◆ RECORDED INFORMATION ◆

◆ ◆ ◆ ◆

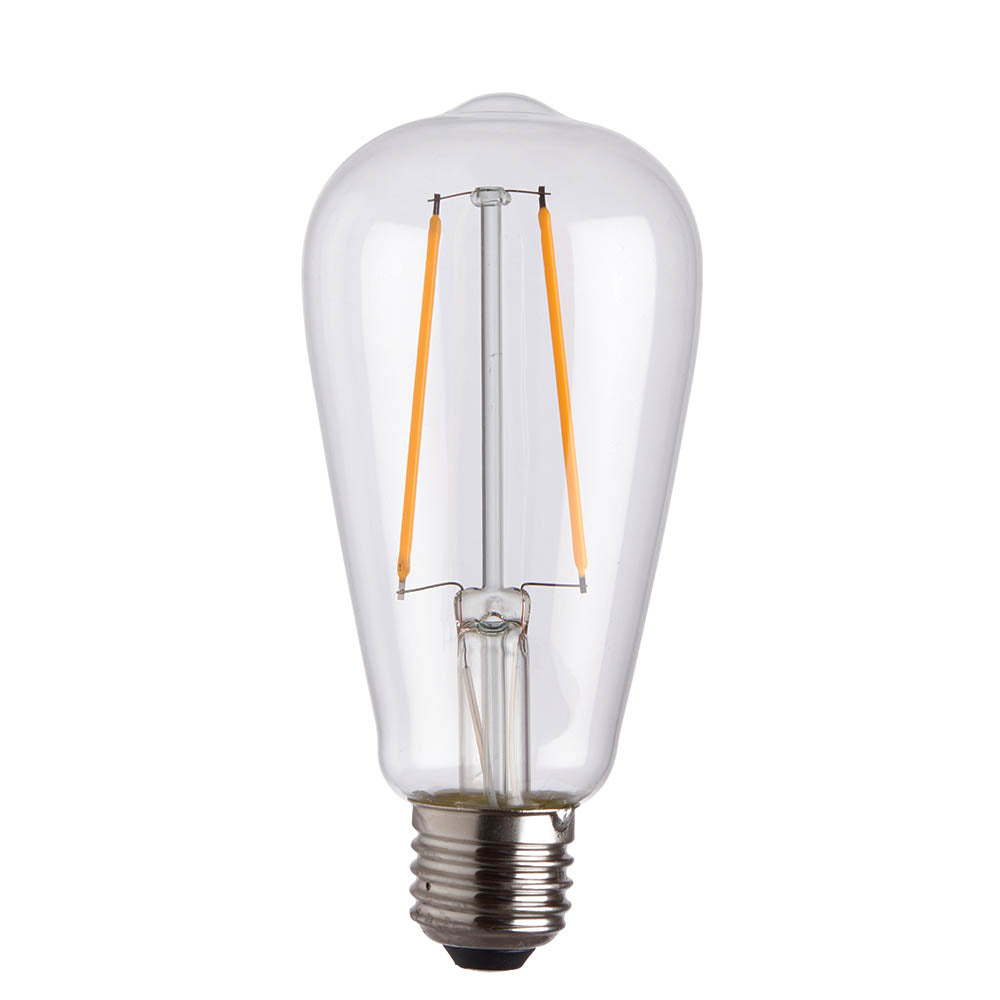 E27 LED filament pear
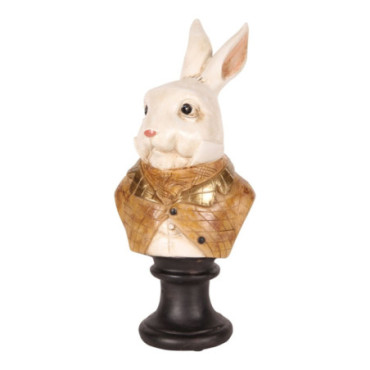 Figurine Lapin en résine 27 cm Blanc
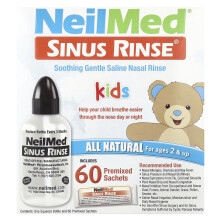 NeilMed, Detská, Rýmový mydlinka, Vek 2+, 60 Premixed Packov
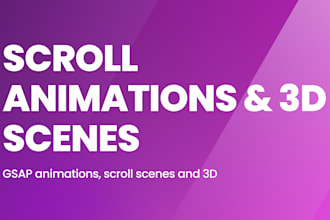 add gsap or threejs animations to your website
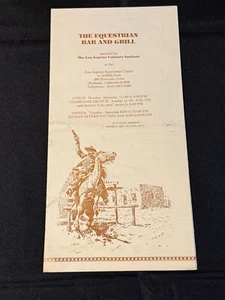 The Equestrian Bar and Grill Burbank California Vintage Menu - Picture 1 of 4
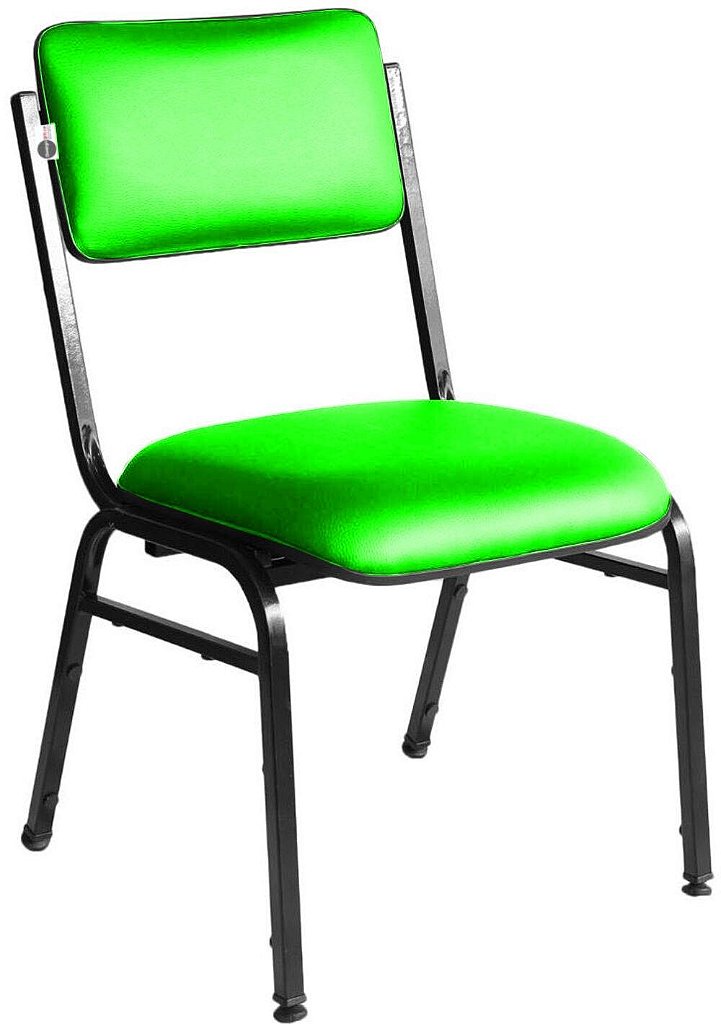 Kit com 3 Cadeiras para Auditórios Linha Hotel Smart Verde
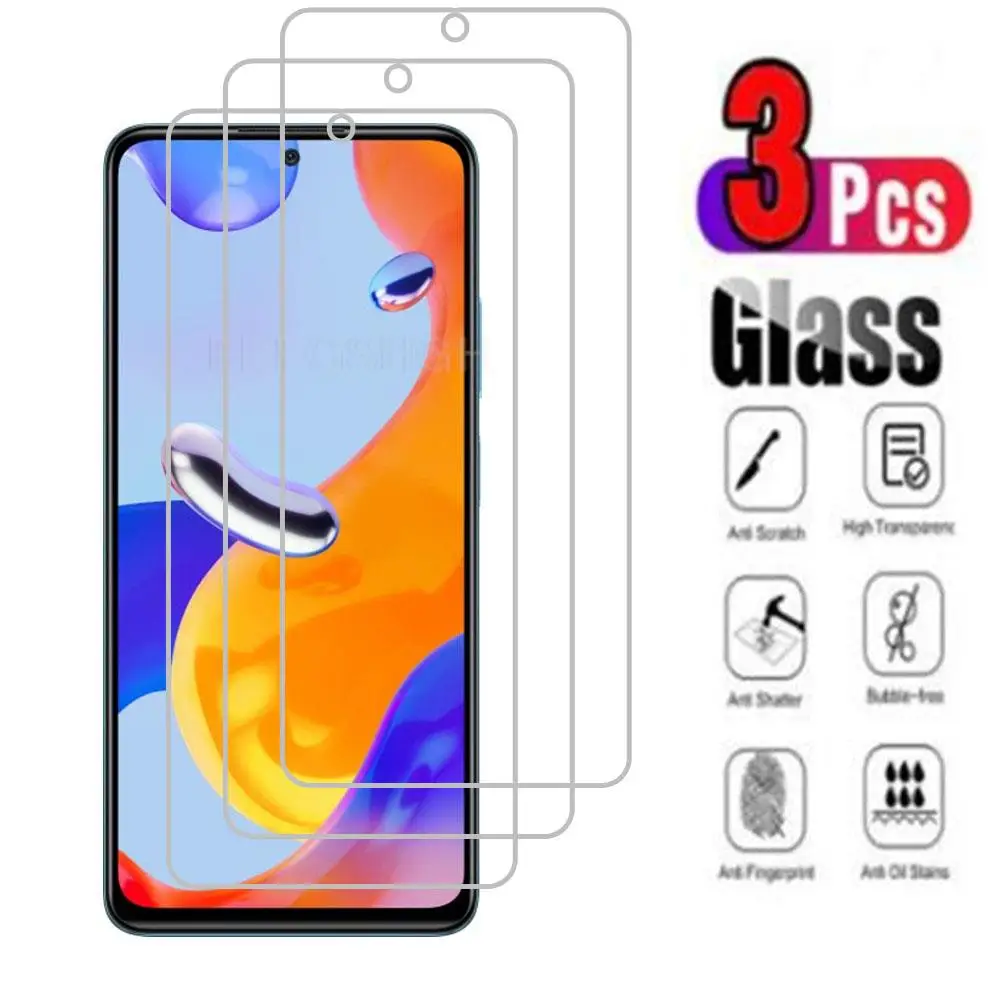 

3 шт. 9H HD защитное закаленное стекло для Xiaomi Redmi Note 11 Pro 4G Global 6,67 "Защита для экрана телефона защитная пленка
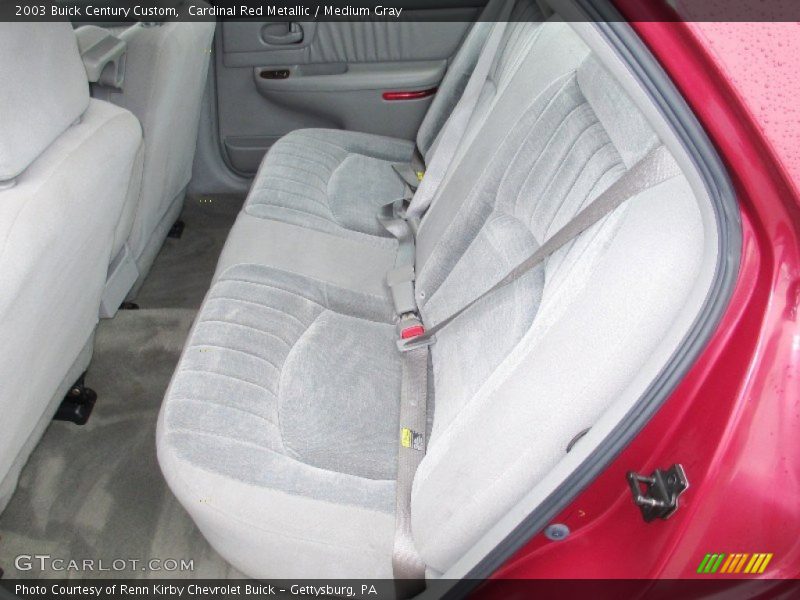 Cardinal Red Metallic / Medium Gray 2003 Buick Century Custom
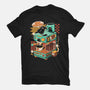 Strong Coffee-Womens-Basic-Tee-ilustrata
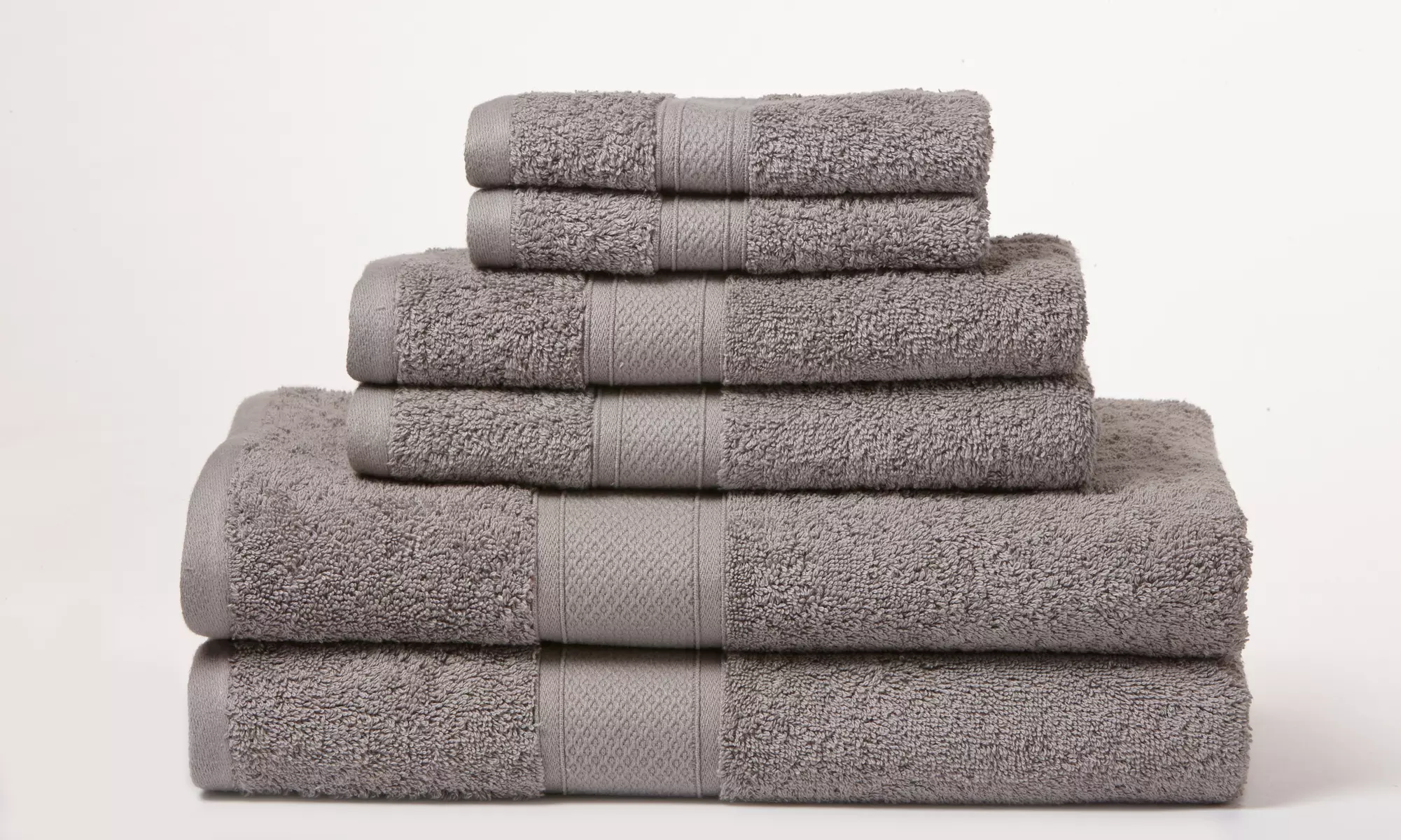 6-Piece Wexley Home 600GSM 100% Egyptian Cotton Towel Set - Primary Image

◆ ◆ ◆ ◆

Every record above must be copied exactly, and no picture may appear in the copy.

◆ YOUR RESPONSE ◆
 E27 LED filament pear
 Figurine Lapin en résine 27 cm Blanc
 NeilMed, Detská, Rýmový mydlinka, Vek 2+, 60 Premixed Packov
 add gsap or threejs animations to your website
 The Equestrian Bar and Grill Burbank California Vintage Menu - Picture 1 of 4
 Kit com 3 Cadeiras para Auditórios Linha Hotel Smart Verde

3 шт. 9H HD защитное закаленное стекло для Xiaomi Redmi Note 11 Pro 4G Global 6,67 "Защита для экрана телефона защитная пленка
 Cardinal Red Metallic / Medium Gray 2003 Buick Century Custom
 Strong Coffee-Womens-Basic-Tee-ilustrata
 6-Piece Wexley Home 600GSM 100% Egyptian Cotton Towel Set - Primary Image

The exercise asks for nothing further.